● **DATA**
--
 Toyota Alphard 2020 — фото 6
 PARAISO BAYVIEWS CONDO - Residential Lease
--
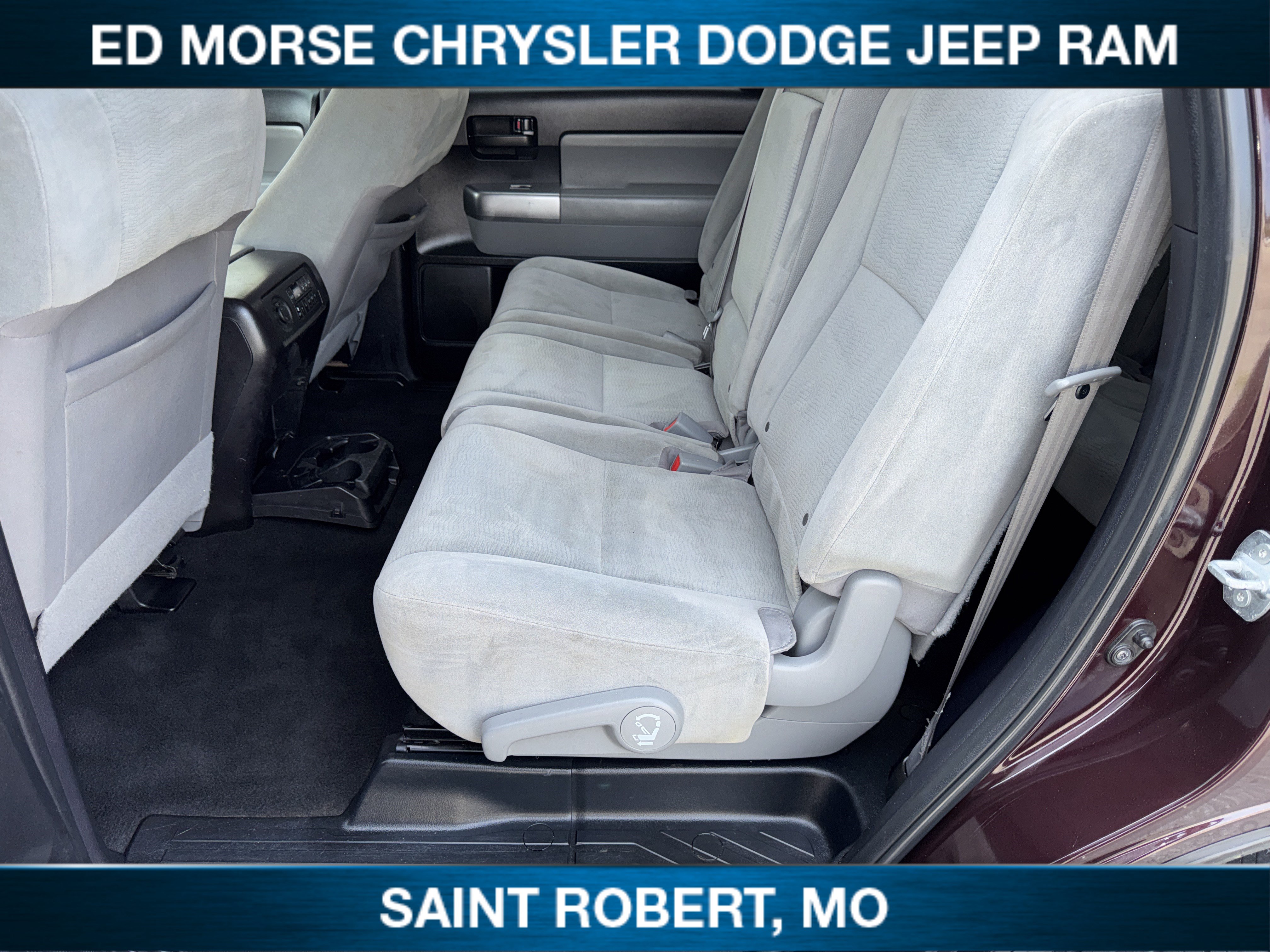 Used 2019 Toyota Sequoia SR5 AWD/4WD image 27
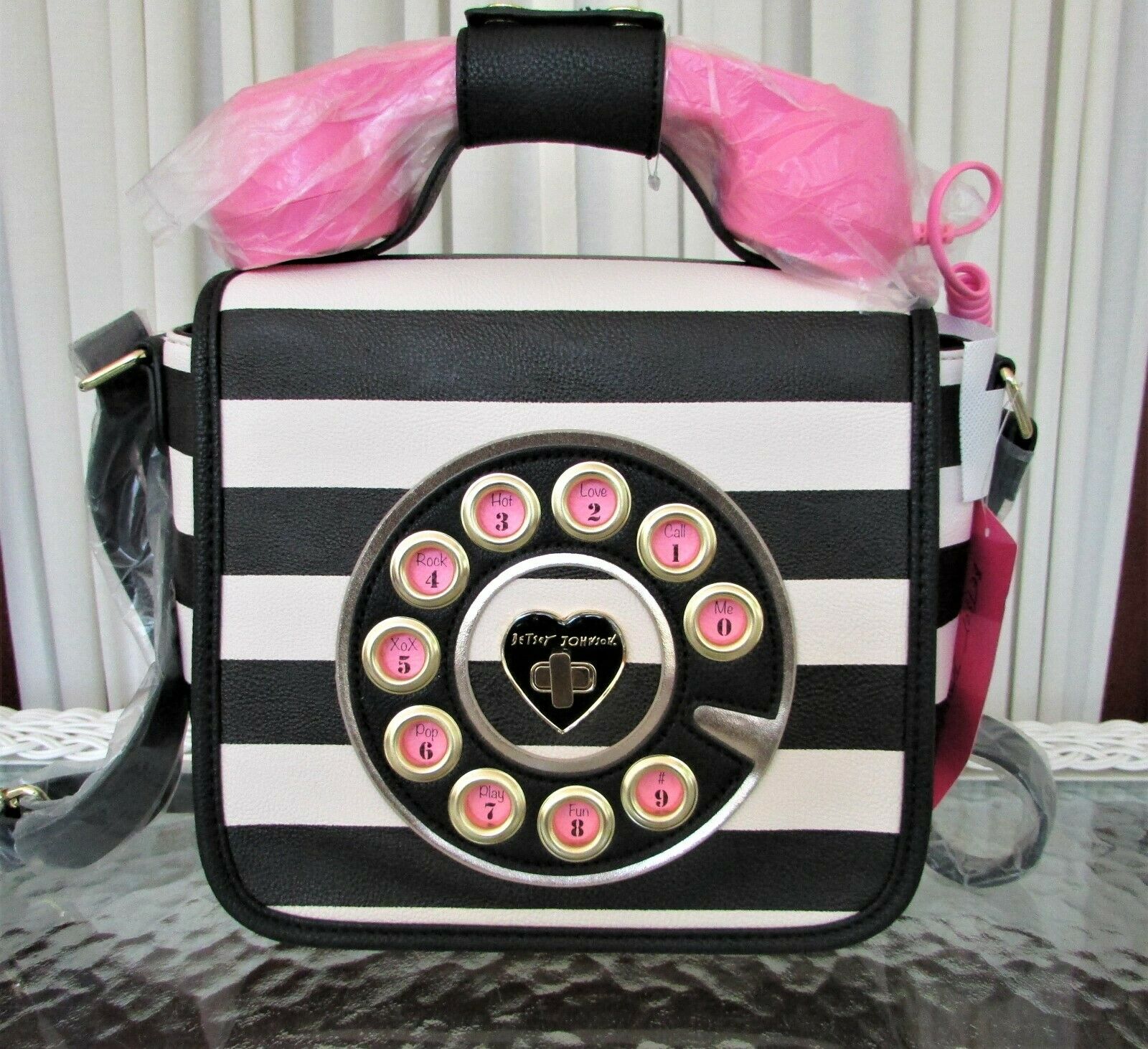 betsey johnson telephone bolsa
--
● **WHAT YOU SHOULD DO**
The range runs from the line above containing "Toyota Alphard 2020 — фото 6" to the line containing "PARAISO BAYVIEWS CONDO - Residential Lease", inclusive. Restate those lines word for word and no others.

● **EXERCISE RESULT**
 Toyota Alphard 2020 — фото 6
 PARAISO BAYVIEWS CONDO - Residential Lease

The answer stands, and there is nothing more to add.